HEVC vs. H.264: Bandwidth and Cost Savings
The case for moving from ubiquitous older video codecs like H.264 (AVC) to newer codecs like AV1 or HEVC (H.265) is typically expressed in terms of encoding efficiency that translates to bandwidth and cost savings. For major content companies like Warner Bros. Discovery that have adopted H.265, how much has their experience borne out that hypothesis? In this clip from Streaming Media Connect 2023, Streaming Learning Center’s Jan Ozer and Alex Zambelli, Technical Product Manager at Warner Bros. Discovery, discuss the real-world ramifications of H.264-to-H.265 migration, where the realized payoff has proven significant, and where it’s been less noticeable. As it turns out, adopting a shiny new codec for significantly less-than-4K encoding and delivery isn’t always worth it when averaged out over all the rungs on the encoding ladder.
In response to Ozer’s open-ended question on where WBD is seeing savings with HEVC over H.264, Zambelli explains that it varies “depending on resolution. When you're looking at HD resolutions and 4K resolutions, it's easy sometimes to see savings between 25 and 40% with HEVC over AVC. And so some of those promises of varied savings that we expected from HEVC do come true at the higher resolutions. But then as you go down in resolution and you still have to support a full encoding ladder, and so often you find yourself encoding 320x180 video, the bitrate savings are not as huge. And so I would say across the board, the bitrate savings end up averaging out probably closer to 15 or 20% over AVC.
To get at the actual cost savings—which only partially increase in proportion to the bandwidth savings, since other factors come into play—Ozer asks Zambelli to consider and comment on two costs—“encoding both formats and the caching efficiency”—and how they factor in.
It turns out that the increased compute costs associated with HEVC encoding diminish to some extent the benefits of migrating to the newer codec, although the shift to cloud computing and improved encoders are helping to level the playing field. "There are certainly higher compute costs for HEVC," Zambelli says, "though I think the encoders have gotten a lot better over the last several years. And most cloud computing platforms have improved in terms of their CPU offerings, so we have highly multi-threaded CPUs available in the cloud. Most encoding these days is parallelized as well," he explains. "So if you're building a video transcoding platform that needs to handle a very high volume of content, you're going to parallelize it so that you're not necessarily encoding one video in one machine; you're going to spread it out across multiple machines. And so when we do it that way, the compute costs increase from HEVC. It's certainly there, but it's not so significant that it would prevent us from doing HEVC," he explains. "And so we're definitely reaching a point where I think HEVC encoding is going to become cheap enough that it'll almost seem like a free add-on, on top of the AVC encoding."

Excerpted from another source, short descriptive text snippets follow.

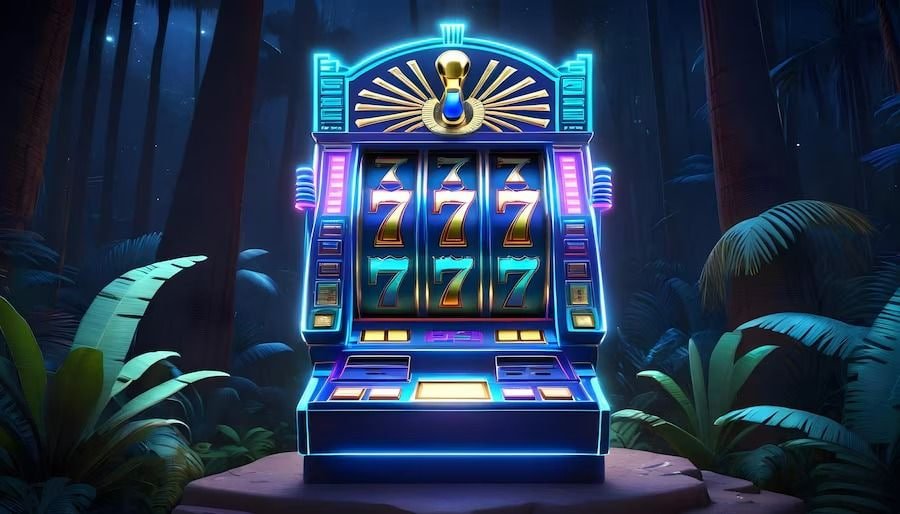Layar permainan slot Aviator dan Sweet Bonanza di pelangi123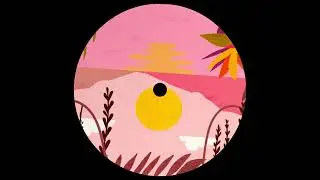 Joe Morris - Solar Fantasy (Desert Island Disco Remix)
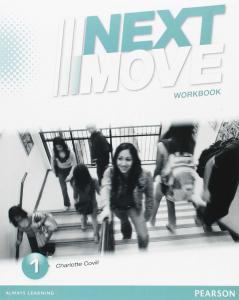Next Move Spain 1 Workbook Pack·E.S.O..1er Curso·NEXT MOVE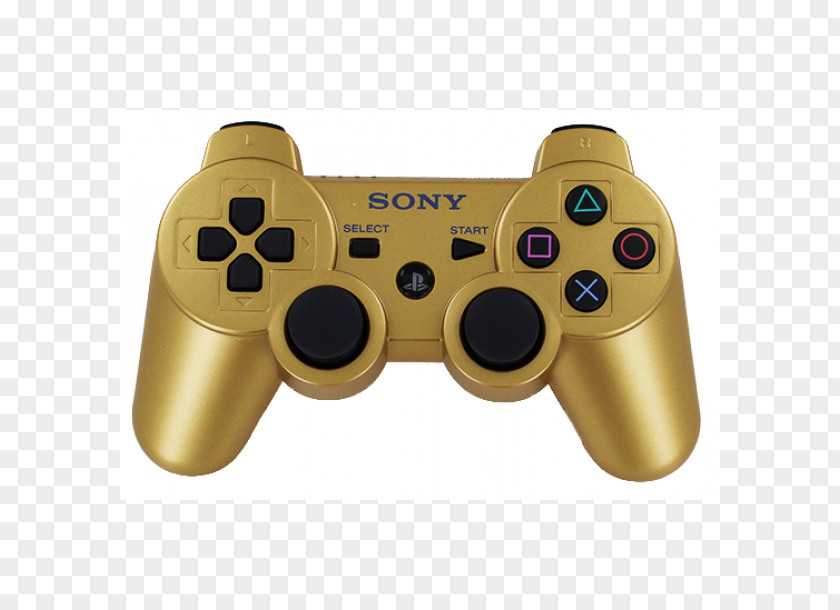 Playstation Controller PlayStation 2 Xbox 360 Sixaxis 3 PNG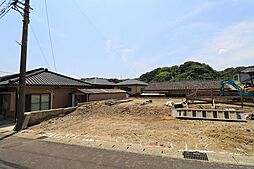 売土地 下伊敷3丁目／2区画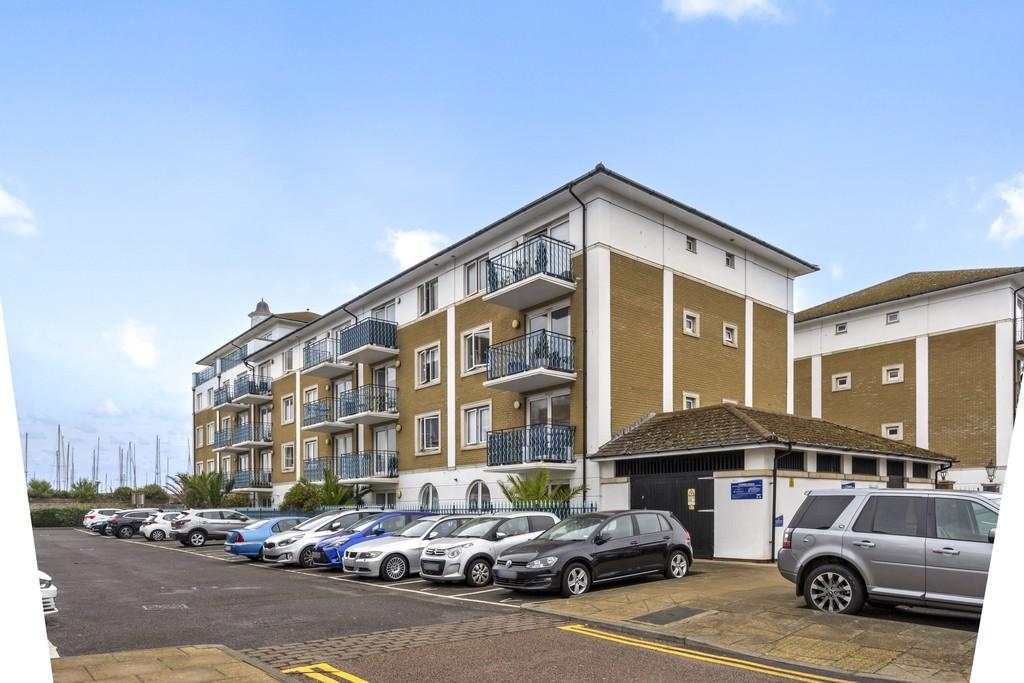Collingwood Court, 7, The Strand-020(1)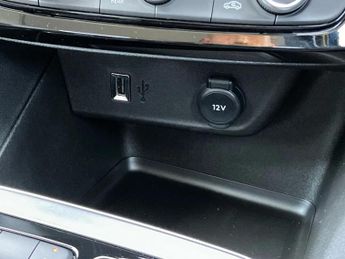 Vauxhall Mokka 100kW Griffin 50kWh 5dr Auto
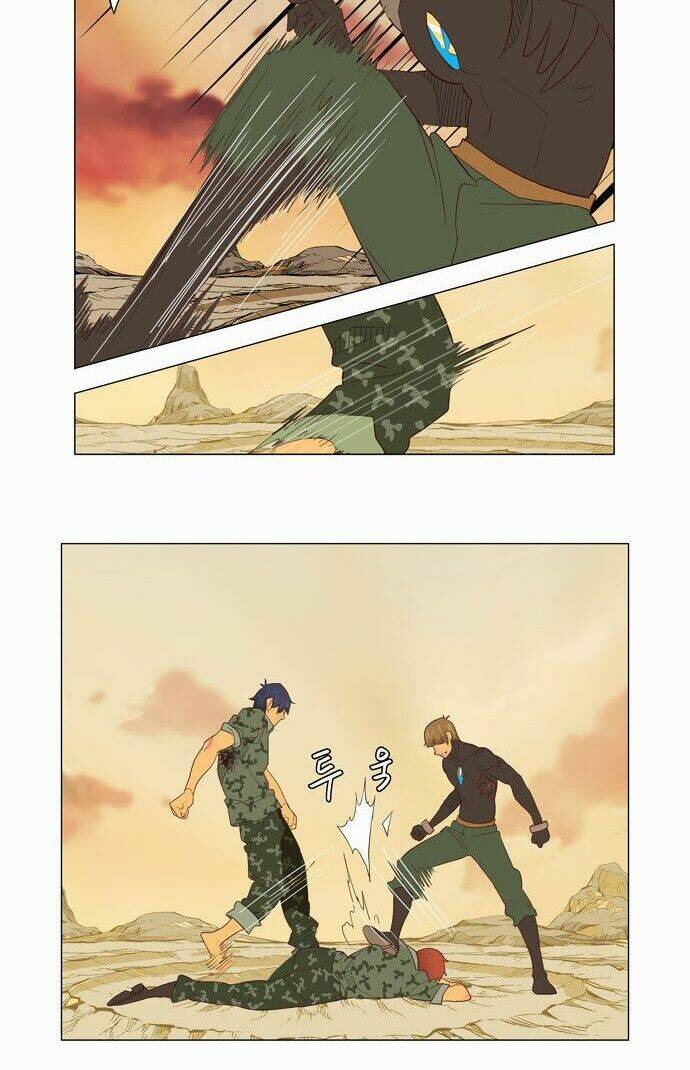 Chúa tể học đường: Chapter 117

As for the fragmentation of caching, Zambelli says, “I haven't seen much of an impact from that, because all of our devices support AVC, and so obviously that's going to be highly cached. Over 75% of the devices support HEVC, and so we're getting a lot of caching efficiency for HEVC as well. So I would say we haven't seen any negative impact on quality of experience due to caching fragmentation.”
Getting right to the bottom line, Ozer asks, “What about cost? Aren’t you paying for two times the caching?”
Zambelli’s response: it’s complicated. “I feel like a lot of times it's assumed that there’s a direct one-to-one mapping between CDN cost savings and the rate savings from the more advanced codecs. And what I've found is that that's simply not the case,” he says. “Because if everybody in the world had unlimited bandwidth, if we all had unlimited connection speeds, then that would perhaps be true. But in reality, if you reduce the barrier, for example, of your 1080p encode from 6 megabits per second in AVC down to, let's say, 4.5 Mbps in HEVC, somebody who’s in the three-megabit connection is still going to get three-megabit video. So you’re not necessarily reducing the amount of data you’re delivering to those people. And as it turns out, there's still a lot of the population—not just in the US but certainly around the world—that has connection speeds that are below four or five megabits a second. And so real CDN savings end up being probably closer to 5 or 10% if you’re saving 20% on bitrate overall. So it’s definitely not a one-to-one mapping between those two.”